Adequate wear linings are an important factor in ensuring work pieces are efficiently handled in a mass finishing machine. Along with the method speed of transfer as well as the media selection and separation, the condition of a machine’s wear lining factors into the quality of process results.
Thick linings assist with work piece handling by providing a cushioning effect, yet thin or damaged wear linings allow unwanted knicks, scratches, and dings.
With more than 80 years of expertise in surface finishing, Rosler can assist with all aspects of your mass finishing process including proactively eliminating potential work piece handling issues.
Observing Machine Conditions
Regularly checking the lining of your work bowl(s) and trough(s) for wear is one way to ensure parts don’t get accidentally damaged during processing. Inspecting linings consistently will help identify repairable issues before permanent damage to the machine occurs.
To effectively finish work pieces, media must be matched to the specific finishing task and the initial state of a work piece.
For example, media used for deburring/edge radiusing and surface grinding can be very abrasive. If not properly protected by a suitable wear lining, the steel construction of a work bowl would be completely worn through in a few hours by contact with the media and work pieces.
Polyurethane and, to a certain degree, rubber are excellent lining materials providing wear protection for thousands of operating hours. Even these materials wear through and must be periodically replaced with a new lining. Small areas can be temporarily patched with Polyurethane Repair Kits until the unit can be removed and professionally relined.
If a reline is required, only use a qualified reline supplier such as the lining shop at Rosler.
Relines are available in different degrees of hardness (shore A) and different qualities. Always make sure that the lining material is suitable for your specific mass finishing process. More information about specifying liner materials is available in a previous blog post.
Side-by-side comparison of a vibratory bowl before and after relining
Maintaining Process Stability
Checking your work bowl lining for wear and replacing it in a timely manner is essential for the stability of your mass finishing process as a whole.
In addition to worn work bowls, failure to ensure a proper protective lining can create other problems including:
- Work pieces getting stuck in the machine and, therefore, jeopardizing the integrity of different work piece batches.
- Media, water, and process chemicals can leak from the machine if the metal processing bowl is worn through and holes or cracks appear.
- Severe machine malfunction can occur when media or parts can get trapped in worn spots during the separation phase when the finished work pieces are separated from the media.
- Damage to the work bowl that is beyond repair, causing unnecessary downtime and requiring costly replacement parts. A weakened bowl can crack and make the entire machine unusable.
Check your bowl lining at least monthly for wear or rips. The areas around drains, the parts loading chute, and around the unload areas will see the highest wear and are especially crucial.
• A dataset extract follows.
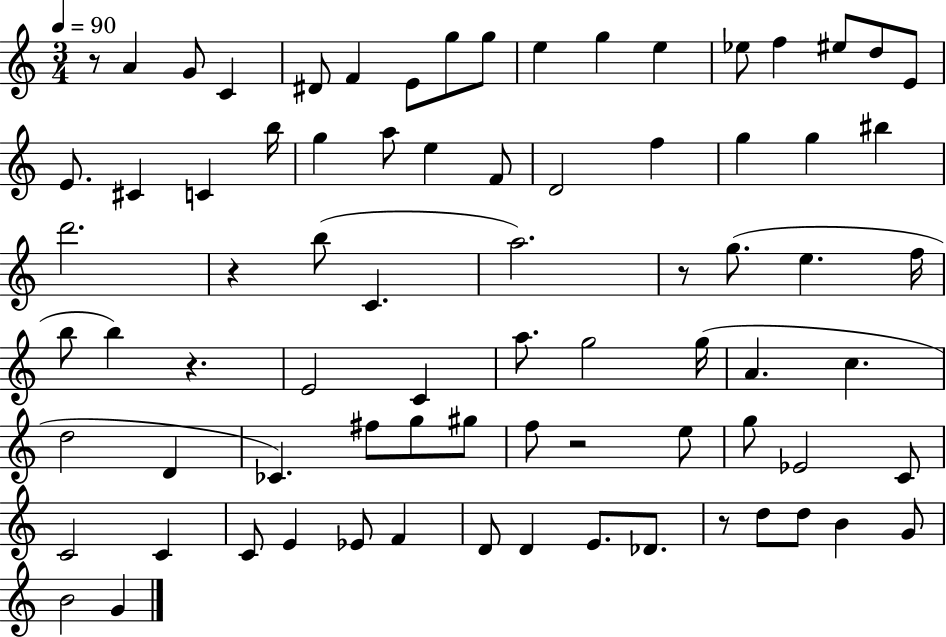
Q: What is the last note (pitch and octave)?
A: G4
The “nail test” makes checking the liner thickness easy. Push a nail through the liner until you hit the base metal and record the thickness of the liner. Keep track of the liner thickness over time to predict when you will need to replace your liner.
Most liners are between 5/8 and 1 in (15-25 mm) thick. Plan to get your machine relined when the thinnest part of your liner is less than 1/4 in (6 mm) thick.
Just as optimal media mix must be regularly monitored, so must the condition of a work bowl. If not, the entire process and downstream operations may suffer.